Makine öğrenimi, Stanford Üniversitesi'ndeki bir bilgisayar bilimcisi olan Andrew Ng tarafından “bilgisayarların açıkça programlanmadan harekete geçmesi bilimi” olarak tanımlandı. İlk olarak 1950'lerde tasarlandı, ancak 21'inci yaşına kadar sınırlı ilerleme kaydedildi. yüzyıl. O zamandan beri, makine öğrenimi, birtakım yeniliklerin, özellikle de yapay zekanın arkasında itici bir güç olmuştur.

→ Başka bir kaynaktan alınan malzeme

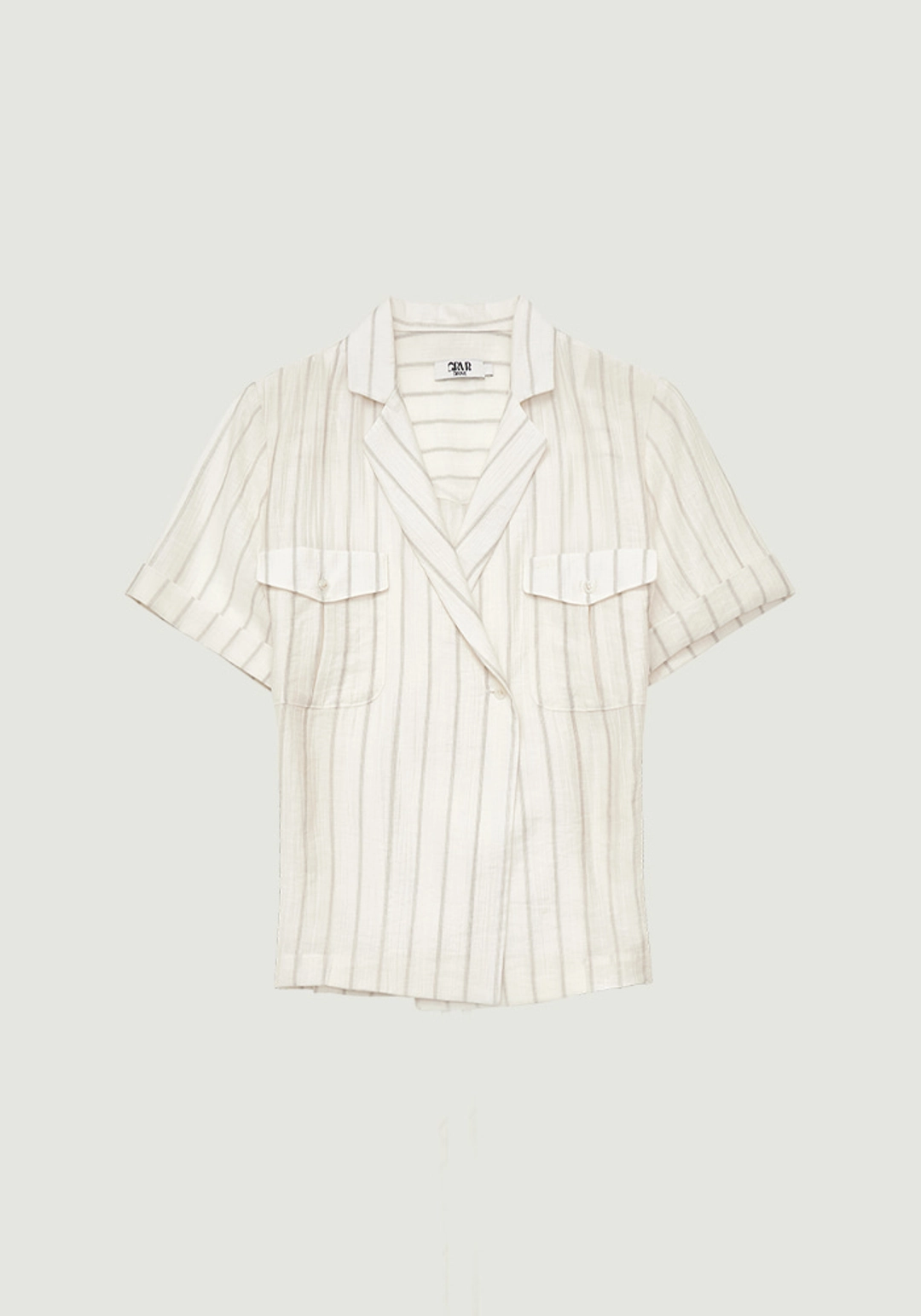 그로브 MAGGY STRIPE H/S SHIRT 상품 이미지 3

Makine öğrenimi, denetimli, denetimsiz, yarı denetimli ve pekiştirici öğrenme gibi çeşitli kategorilere ayrılabilir. Denetimli öğrenme çıktı sonuçlarıyla ilişkilerini çıkarmak için etiketli girdi verilerine dayanırken, denetimsiz öğrenme etiketlenmemiş girdi verileri arasındaki kalıpları tespit eder. Yarı denetimli öğrenme, her iki yöntemin bir kombinasyonunu kullanır ve takviye öğrenme, programları, hataları önlerken aynı zamanda istenen sonuçlara sahip süreçleri tekrarlamak veya ayrıntılandırmak için motive eder. (Programlamanın tarihçesi hakkında bilgi edinmek için Bilgisayar Programlama: Makine Dilinden Yapay Zeka'ya bakın.)

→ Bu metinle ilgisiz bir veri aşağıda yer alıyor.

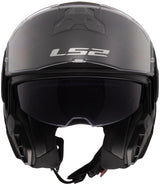 Casque modulable Ls2 ff910 advant ii solid . casque ff910 advant ii solid 3xl noir mat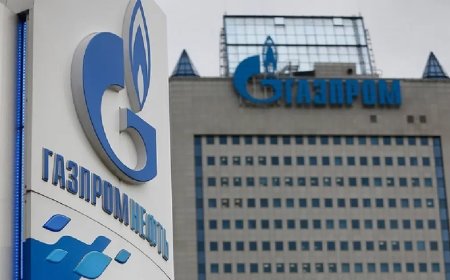 Gazprom: Avrupa'nın depolarındaki gaz rekor seviyede düşük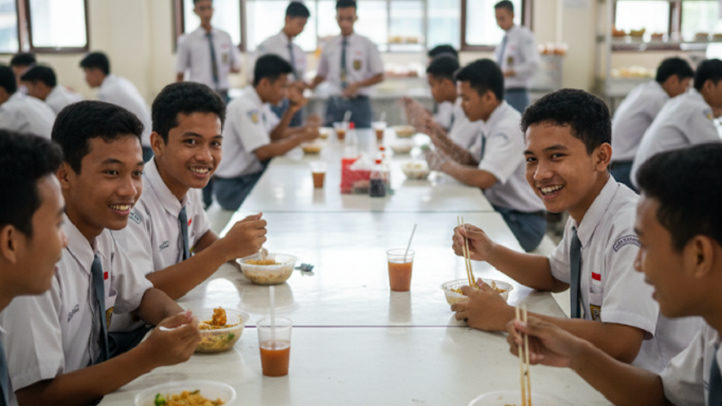 Kemendikdasmen Ungkap 45 Persen Siswa Indonesia Ketagihan Mie Instan, Begini Dampaknya ke Kesehatan dan Belajar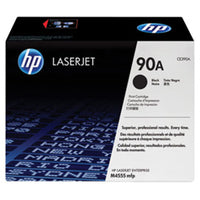 HP CE390A/90A Toner cartridge black, 10K pages ISO/IEC 19752 for HP LaserJet M 4555/601/602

Birkaç farklı endüstri makine öğreniminden şimdiden yararlanmaktadır ve gelişmiş dünyada ML ürün ve hizmetlerine olan talep artmaktadır. Her türlü işletme, öngörücü özelliklerinden yararlanıyor ve bilinçli kararlar almak için kuralcı makine öğrenme yöntemleri geliştirmeye çalışıyor. Alanında öne çıkan çeşitli programlama dilleri de dahil olmak üzere, şirketlerin bu teknolojiye yaklaşmaları için birçok farklı yol vardır.